The Missouri House has given initial approval to a bill that would make major changes to welfare benefits. Republican Representative Hannah Kelly of Mountain Grove successfully sponsored an amendment to ban welfare access to people who make prohibited purchases, such as cigarettes, and for five years if they do so a third time. She says it’s important to make the best use of tax dollars for those in need.
“All of us have folks in dire need all across our districts across the state of Missouri. We need to make sure we’re prioritizing our funds for the folks who truly need it, while bringing accountability to the folks who are trying to work the system.”
Some Democrats complain that the punishment for a third offense would be overly harsh, noting that a five-year ban would be greater than the current lifetime eligibility for the benefits of 45 months. Currently, those who misuse welfare funds are only required to pay back the equivalent of the disallowed purchases.

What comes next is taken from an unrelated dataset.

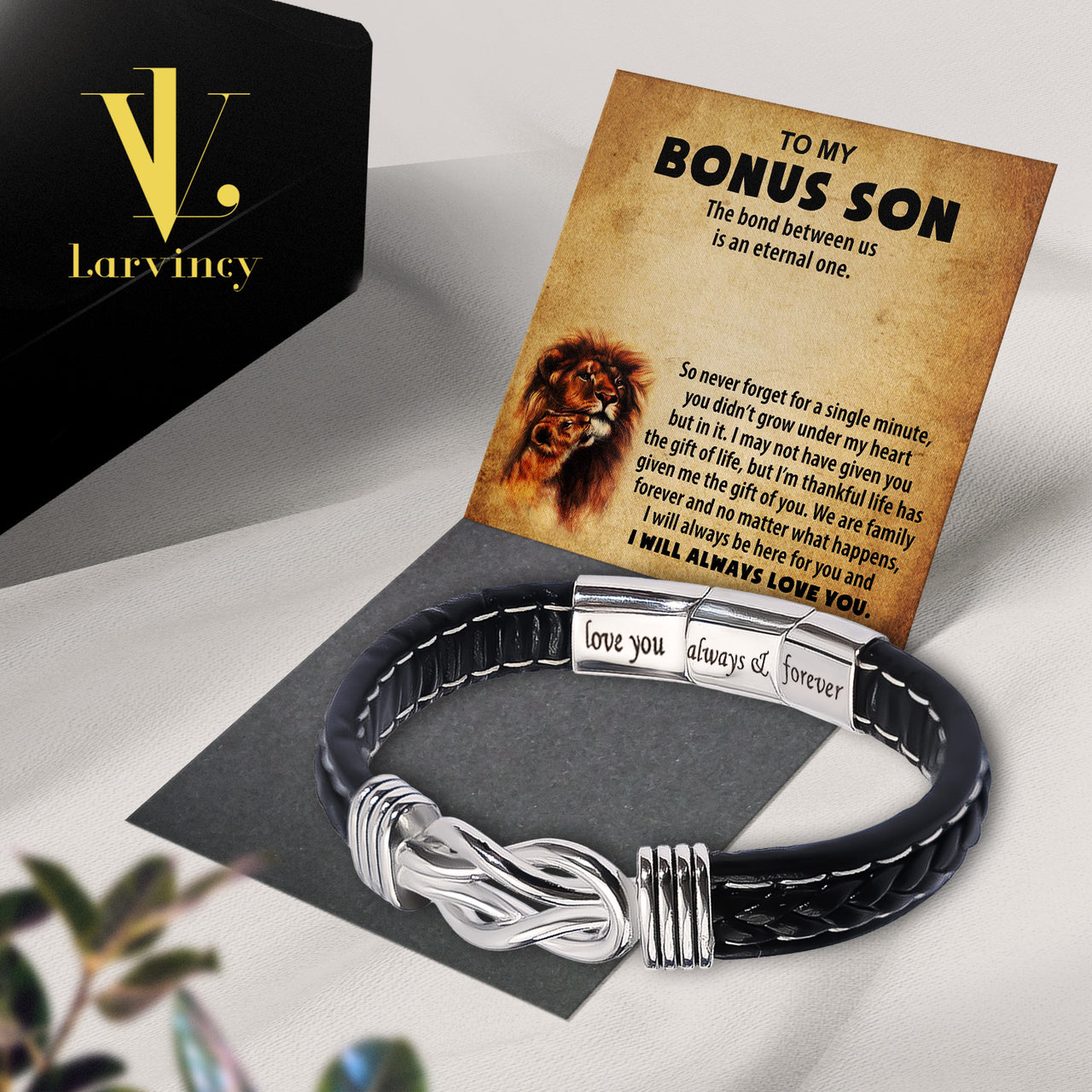 Bracelet Necklace Gifts For Bonus Son With Personalized Message Card Necklace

Among other things, the measure would prohibit recipients from cashing out benefits at an ATM. Democrat Crystal Quade of Springfield says the ban prevents people from accessing important services at cash-only businesses.
“We fight every year in this body about how we’re going to spend money. And you’re trying to take money away from people at the ATM for vital services, potentially, if they need it for the laundromat, and then taking money away from all these great services that we fight for.”
The measure more clearly identifies items prohibited from purchase and businesses where welfare purchases cannot be made. Pornography has been added to the list of items that are prohibited from being purchased with TANF or SNAP benefits using an EBT card. Democrat Bruce Franks of St. Louis said the ban on liquor stores raises problems in his district where there are no traditional grocery stores.
“If we have this particular area where we don’t know what a liquor store is defined as, and these are the only places that folks in my community and other communities have to go, and they’re on this prohibited list, that’s a problem in itself.”
The bill needs one more vote before it can move to the Senate.